Based on validation study results, this assay achieves >99% analytical sensitivity and specificity for single nucleotide variants, insertions and deletions <15bp in length, and exon-level deletions and duplications. Invitae's methods also detect insertions and deletions larger than 15bp but smaller than a full exon but sensitivity for these may be marginally reduced. Invitae’s deletion/duplication analysis determines copy number at a single exon resolution at virtually all targeted exons. However, in rare situations, single-exon copy number events may not be analyzed due to inherent sequence properties or isolated reduction in data quality. Certain types of variants, such as structural rearrangements (e.g. inversions, gene conversion events, translocations, etc.) or variants embedded in sequence with complex architecture (e.g. short tandem repeats or segmental duplications), may not be detected. Additionally, it may not be possible to fully resolve certain details about variants, such as mosaicism, phasing, or mapping ambiguity. Unless explicitly guaranteed, sequence changes in the promoter, non-coding exons, and other non-coding regions are not covered by this assay.

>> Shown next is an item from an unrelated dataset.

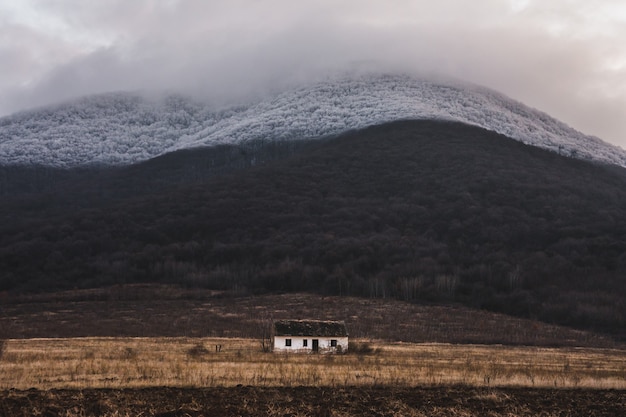 Small white single house in a field with fog on the mountain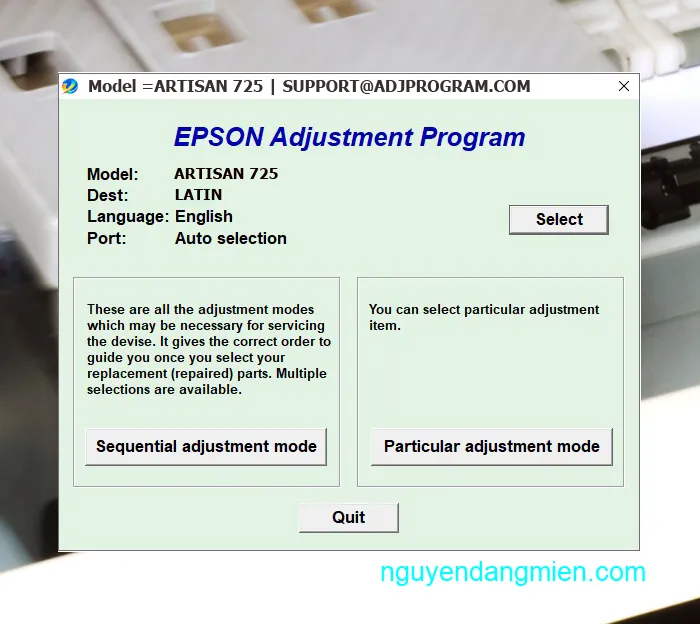 Epson Artisan 725 AdjProg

Please consult the test definition on our website for details regarding regions or types of variants that are covered or excluded for this test. This report reflects the analysis of an extracted genomic DNA sample. In very rare cases, (circulating hematolymphoid neoplasm, bone marrow transplant, recent blood transfusion) the analyzed DNA may not represent the patient's constitutional genome.

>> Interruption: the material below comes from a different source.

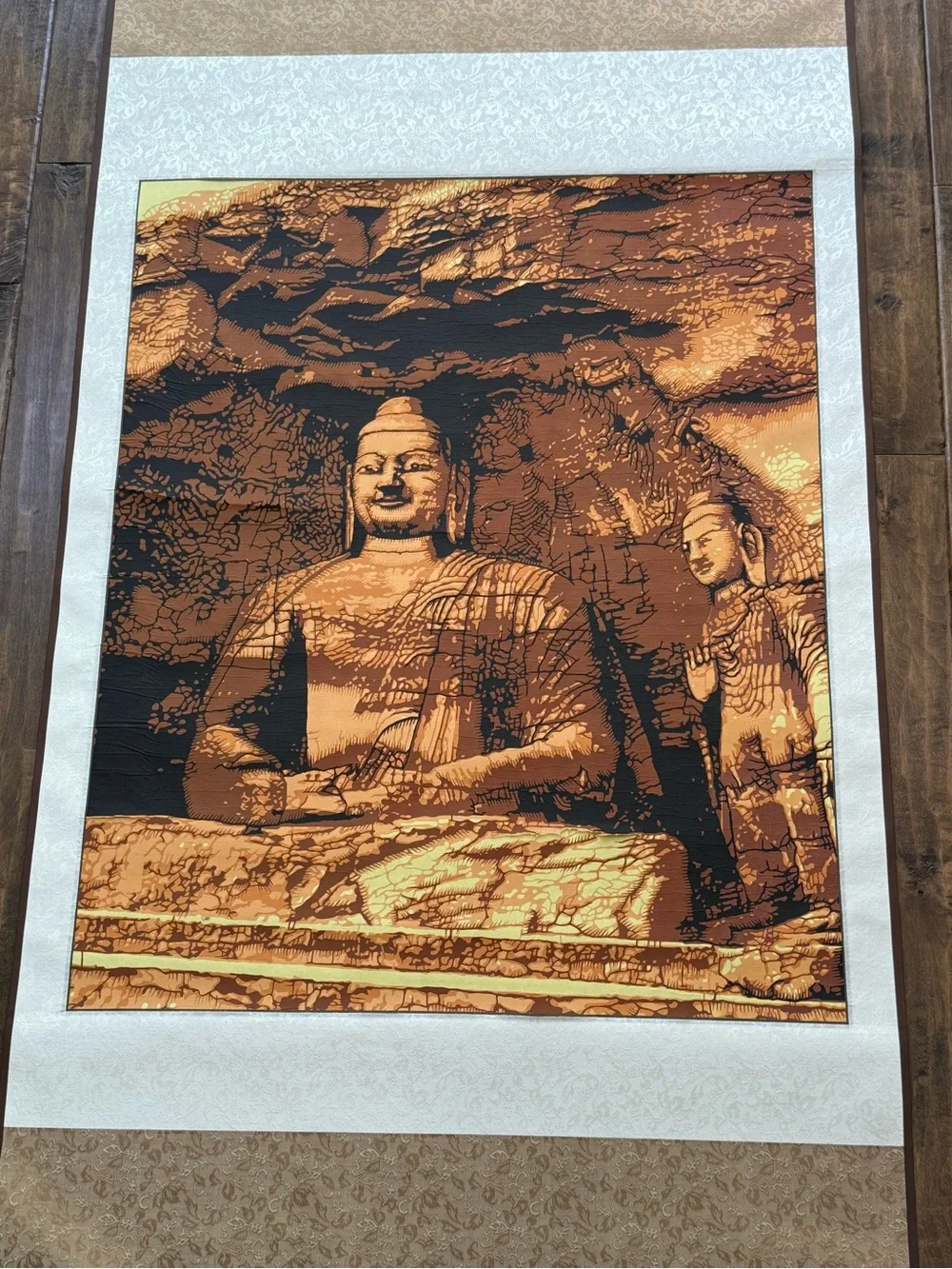 Yungang Grottoes Buddha Laser-Cut Papercut Art Scroll – 6 Foot, Silk Brocade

Gene Transcript reference Sequencing analysis Deletion/Duplication analysis
AHCY NM_000687.3
ALG1 NM_019109.4
ALG12 NM_024105.3
ALG8 NM_024079.4
ALG9 NM_024740.2
ARSB NM_000046.3
ASAH1 NM_177924.3
CTSA NM_000308.3
DHCR7 NM_001360.2
G6PD NM_001042351.2
GAA* NM_000152.3
GALC* NM_000153.3
GALNS NM_000512.4
GBE1 NM_000158.3
GLB1 NM_000404.2
GLUL NM_002065.6
GNPTAB NM_024312.4
GUSB NM_000181.3
HADH NM_005327.4
HADHA NM_000182.4
HADHB NM_000183.2
IDUA NM_000203.4
LIPA NM_000235.3
MVK NM_000431.3
NEU1 NM_000434.3
NPC1 NM_000271.4
NPC2 NM_006432.3
PEX1 NM_000466.2
PEX10 NM_153818.1
PEX12 NM_000286.2
PEX13 NM_002618.3
PEX14 NM_004565.2
PEX16 NM_004813.2
PEX19 NM_002857.3
PEX2 NM_000318.2
PEX26 NM_017929.5
PEX3 NM_003630.2
PEX5 NM_001131025.1
PEX6 NM_000287.3
PEX7 NM_000288.3
PHGDH NM_006623.3
PIGA NM_002641.3
PMM2 NM_000303.2
PSAT1 NM_058179.3
SEC23B NM_006363.4
SLC17A5 NM_012434.4
SLC22A5 NM_003060.3
SLC26A2* NM_000112.3
SMPD1 NM_000543.4
SUMF1 NM_182760.3
TAZ NM_000116.4
TRIP11 NM_004239.4

GAA: Analysis includes the promoter variant NM_000152.3:c.-32-13T>G as well as the common exon 18 deletion.
GALC: Analysis includes the large (30 kb) deletion for Krabbe Disease.
SLC26A2: Analysis includes the intronic variant NM_000112.3:c.-26+2T>C.